Worst case scenario, they can both move into the house with the mothers permission, and agree to take care of the house upkeep and bills. This sounds fine in theory - however, the problem is that there is a massive personality clash between the siblings (first world problems, I know!)

Best case scenario, the house is big enough to convert into two separate units. Planning permission aside, *what is the most viable way to do this *under fair deal?

The mother would be happy to transfer (gift) the house to her children. The children could then take a loan to convert the house into two units. As I understand, upon transfer of the house to the children, the nursing home loan will have to be repaid at 7.5% the value for three years. Are there any other caveats here? Is it OK to transfer the house *before the three years*, or is there any other clause?

A second possibility would be for the Mother to retain ownership, and the children to go ahead and convert the property - would this be against fair deal conditions?

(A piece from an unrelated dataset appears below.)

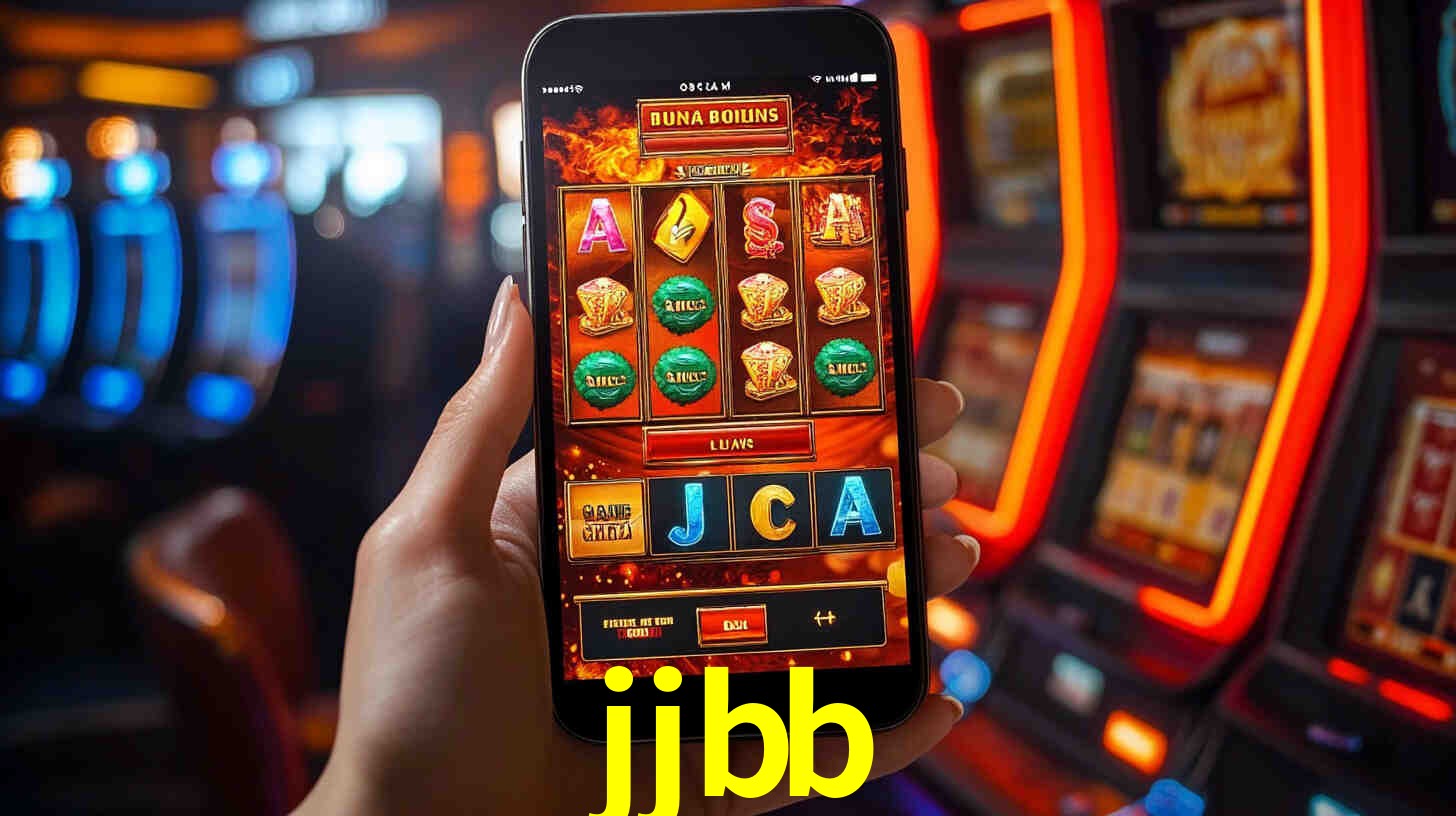 jjbb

Deeply concerning that there are so many vacant houses in the country in this exact same situation, amid our housing crisis.


----------



## twofor1 (23 Apr 2021)

The HSE must be advised of any change in circumstances. Two children who were not living there when the Fair Deal application was made, converting the family home into 2 units and moving in would  be a notifiable change. I would think the HSE would say it is then more valuable and would reasonably expect there to be rental income, both would be taken into account in a financial reassessment.

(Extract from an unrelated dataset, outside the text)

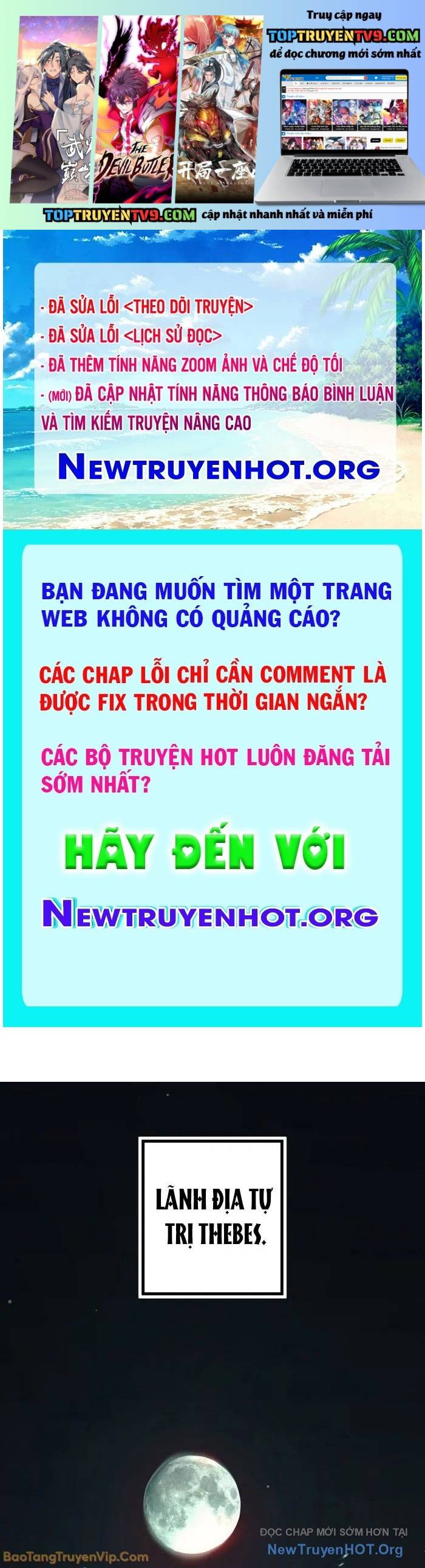 Chương 19 - Trang 1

The house can be transferred or sold at any stage, whatever is owed must then be paid. More importantly the 3 year cap will no longer apply and the house sale proceeds (Or value if no payment made) will become assessable as long as the mother is in care, no longer just for 3 years.

From what you posted, the best option might be for both to move in as caretakers, do nothing but pay the bills and maintain etc, there should be plenty of space in a 5 bed to keep away from each other.

If they can’t do that, they should stay in their rented accommodation. Transferring the house and or dividing it into 2 units does not seem to be an option for many other reasons, not just the above.


----------



## noproblem (23 Apr 2021)

Am I correct in thinking that any assets a person has when applying for Fair Deal funding need to have been transferred 5 years or more, otherwise they become part of the assets of the applicant and will be used to pay or part pay the nursing home costs? By getting a person into the Fair Deal scheme with the taxpayer mostly paying for it,  then  rearranging the assets to a family's advantage will hardly go unnoticed by the HSE. I doubt very much what you're proposing will be allowed without an in depth look by the Fair Deal Financial Dept. I certainly wouldn't go ahead without talking to them. That's not to say that this is not being done and I wonder what would be the repercussions if HSE found out.


----------



## ReadySteady (23 Apr 2021)

noproblem said:


> Am I correct in thinking that any assets a person has when applying for Fair Deal funding need to have been transferred 5 years or more, otherwise they become part of the assets of the applicant and will be used to pay or part pay the nursing home costs? By getting a person into the Fair Deal scheme with the taxpayer mostly paying for it,  then  rearranging the assets to a family's advantage will hardly go unnoticed by the HSE. I doubt very much what you're proposing will be allowed without an in depth look by the Fair Deal Financial Dept. I certainly wouldn't go ahead without talking to them. That's not to say that this is not being done and I wonder what would be the repercussions if HSE found out.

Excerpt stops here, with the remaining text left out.